San Diego Unified School District
2016 General Obligation Bonds
(Dedicated Unlimited Ad Valorem Property Tax Bonds)
$5,605,000 (Election of 2008, Series J-1)
$39,395,000 (Election of 2008, Series J-2) (Federally Taxable)
The firm eclipsed the pricing and investor distribution benchmarks that we had set in the prior transactions
Siebert Cisneros Shank (“SCS”) served as senior manager for the San Diego Unified School District on May 5, 2016. This transaction was the firm’s third senior managed transaction for the District since 2015. The firm eclipsed the pricing and investor distribution benchmarks that it had set in the prior transactions.

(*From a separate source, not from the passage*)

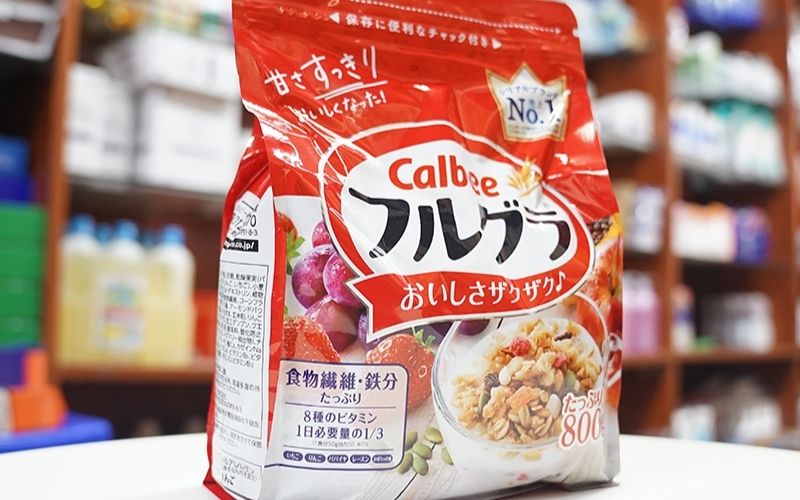 Bột ngũ cốc Calbee Nhật Bản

The bonds were used to fund the construction and improvement of school facilities listed under 2008’s Proposition S. To generate this new money capacity, the District had completed two refunding transactions in April that generated total annual debt service savings of $54.62 million from 2016 through 2029. From the debt service savings generated, this transaction amortized a maximum par amount of $45 million to produce new money proceeds. To minimize aggregate debt service, the bonds were structured to fill in the debt service as early as possible in the debt service savings range. Ultimately, the bonds were structured with maturities from 2016 through 2027.

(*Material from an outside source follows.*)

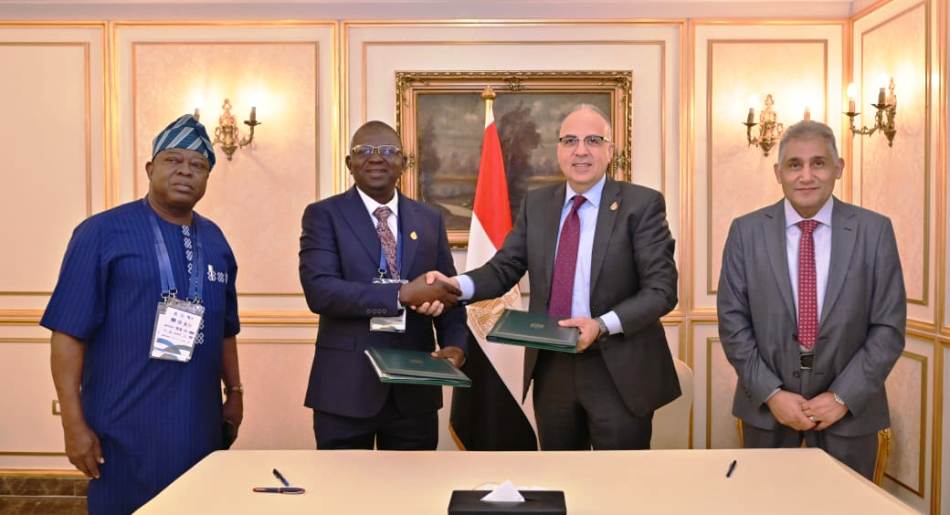 The MoU seeks to strengthen the already strong relations between Egypt and Nigeria and foster joint efforts in managing and developing water resources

The rating agencies maintained the ratings of Aa2/NR/AAA/AA+ (Moody’s/S&P/Fitch/Kroll). With these ratings coupled with an improving municipal bond market tone, momentum was overwhelmingly positive heading into the week of pricing. During the week of pricing, the District faced potential competing transactions such as a $275 million Los Angeles Department of Water & Power transaction scheduled to price on the same day and three California school district and community college district transactions each approximately $40 million in size on average. As the pricing day approached, the Los Angeles Department of Water & Power decided to accelerate its transaction one day early, which SCS also senior managed, after a robust retail order period. This positive momentum continued to the following day and SCS further decreased its preliminary pricing spreads 2 to 3 basis points lower in the 2022 through 2027 maturities from the pre-marketing scale the day before.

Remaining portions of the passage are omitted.